Bettina HornhuesCDU/CSU - Elterngeld Plus und flexiblere Elternzeit
Frau Präsidentin! Sehr geehrte Damen und Herren! Liebe Kolleginnen und Kollegen! Ich freue mich, dass wir heute einen Gesetzentwurf verabschieden, der jungen Eltern nicht nur die Wahlfreiheit und Flexibilität erlaubt, sondern auch einen großer Schritt hinsichtlich der Vereinbarkeit von Familie und Beruf darstellt. Denn gerade Flexibilität ist das, was auf der Wunschliste der Eltern ganz oben steht.
Wir schaffen mit dem Gesetz zur Einführung des neuen Elterngeld Plus politische Rahmenbedingungen, mit denen wir ein wichtiges politisches Ziel unseres Koalitionsvertrages umsetzen, nämlich die Stärkung von Familien. Wir stärken die Familien, indem wir ihnen nicht nur mehr Zeit miteinander ermöglichen, sondern auch dafür sorgen, dass Männer und Frauen ihre Aufgaben in Familie und Beruf partnerschaftlich wahrnehmen und aufteilen können. Denn in einer immer schneller werdenden Welt, in der Zeit im Allgemeinen eine knappe Ressource ist, plädieren wir für mehr Zeit, die wir vor allem im Alltag mit unseren Familien verbringen können. Das Elterngeld Plus eröffnet genau diese Chance.

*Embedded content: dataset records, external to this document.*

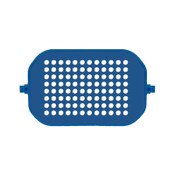Tube Holder, 96 X 0.2 mL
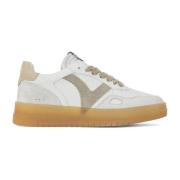 Hardloopschoenen Victoria -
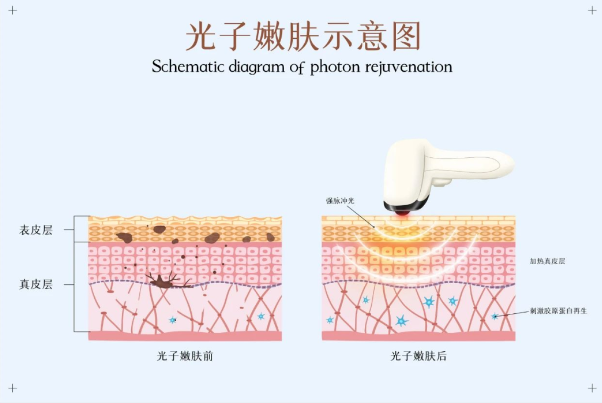 微信截圖_20230815142739.png 微信截圖_20230815142739.png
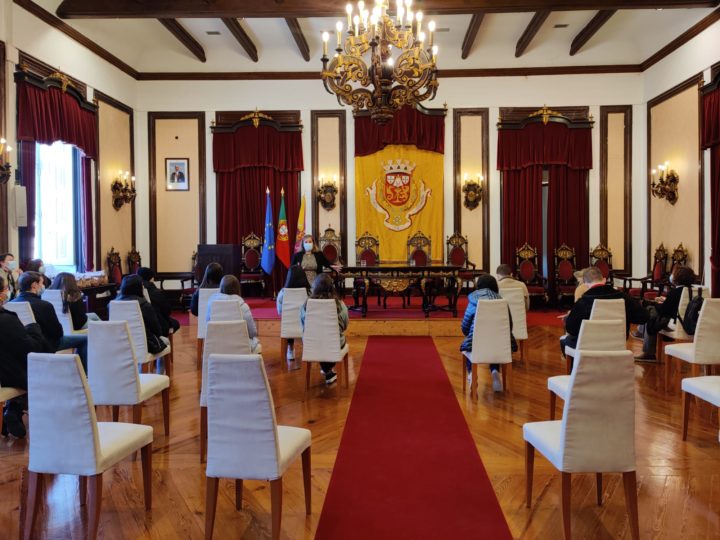 WhatsApp Image 2021-11-22 at 12.51.21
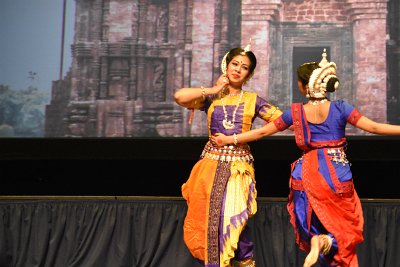 Odissi22a (1363)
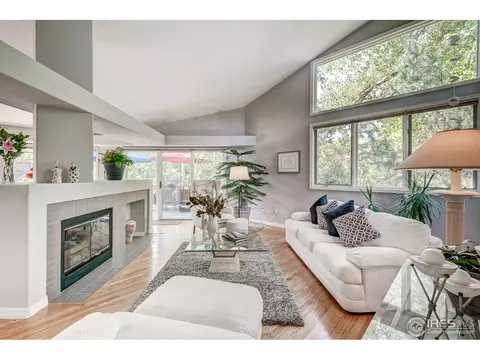 5693 Cascade Pl, Boulder, CO 80303 photo 1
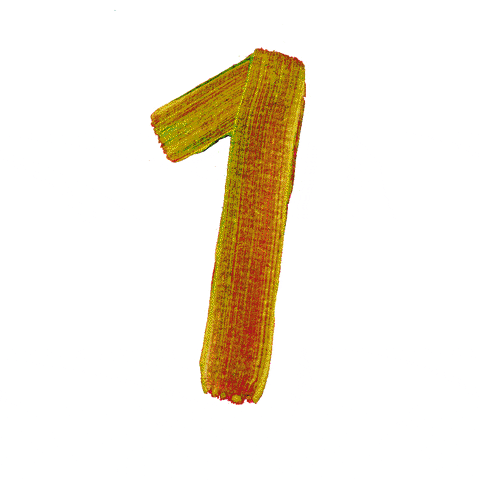 Image for post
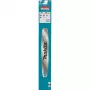 Makita 1915Y9-9 motorfűrész-vezetősín 50cm 95TXL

Dies ist diejenige Art von Politik, die nah dran ist an den Wünschen und Bedürfnissen der heutigen Gesellschaft im Allgemeinen und an jenen der jungen Eltern im Besonderen. Ich freue mich daher sehr, dass unsere Forderung nach einer Weiterentwicklung des Elterngeldes hin zum Elterngeld Plus nun umgesetzt und das Elterngeld Plus als eigenständige Gestaltungskomponente eingeführt wird. Vor allem die Nutzungsmöglichkeit, die Elternzeit in Verbindung mit dem Elterngeld Plus zukünftig zwischen dem dritten und dem vollendeten achten Lebensjahr flexibel in Anspruch zu nehmen, sehe ich daher als einen echten Beitrag zur Vereinbarkeit von Familie und Beruf.
Wenn ich von mehr Zeit für Familie spreche, was meine ich dann eigentlich mit Familienzeitpolitik? Was versteht man unter diesem neuen Politikfeld? Der Schlüssel, um familienpolitische Ziele wie die Vereinbarkeit von Familie und Beruf erreichen zu können, liegt für uns als CDU/CSU-Bundestagsfraktion in einer modernen Familienzeitpolitik. Familienzeitpolitik ist spätestens seit dem Siebten Familienbericht der Bundesregierung ein wichtiger Punkt auf der politischen Agenda. Auch der Achte Familienbericht, über den wir heute zu späterer Zeit noch debattieren werden, nimmt sich ganz und gar des Themas der Familienzeitpolitik an. Dabei werden hauptsächlich drei Kernkomponenten zusammengefasst:
Erstens. Mehr Zeitsouveränität für Familien, das heißt die selbstbestimmte Einteilung von Zeit als Ressource.
Zweitens. Eine partnerschaftliche und damit gerechte Verteilung von Zeit bei Frauen und Männern, was auch zu mehr Chancengleichheit führt.
Drittens. Die Verzahnung mit einer kommunalen Zeitpolitik für Familien, beispielsweise durch die Abstimmung von Öffnungszeiten der Behörden, Kitas usw.
Der Forderung nach mehr Zeit für Familie folgt auch die Flexibilisierung der Elternzeit, welche wir mit dem vorliegenden Gesetzentwurf implementieren wollen.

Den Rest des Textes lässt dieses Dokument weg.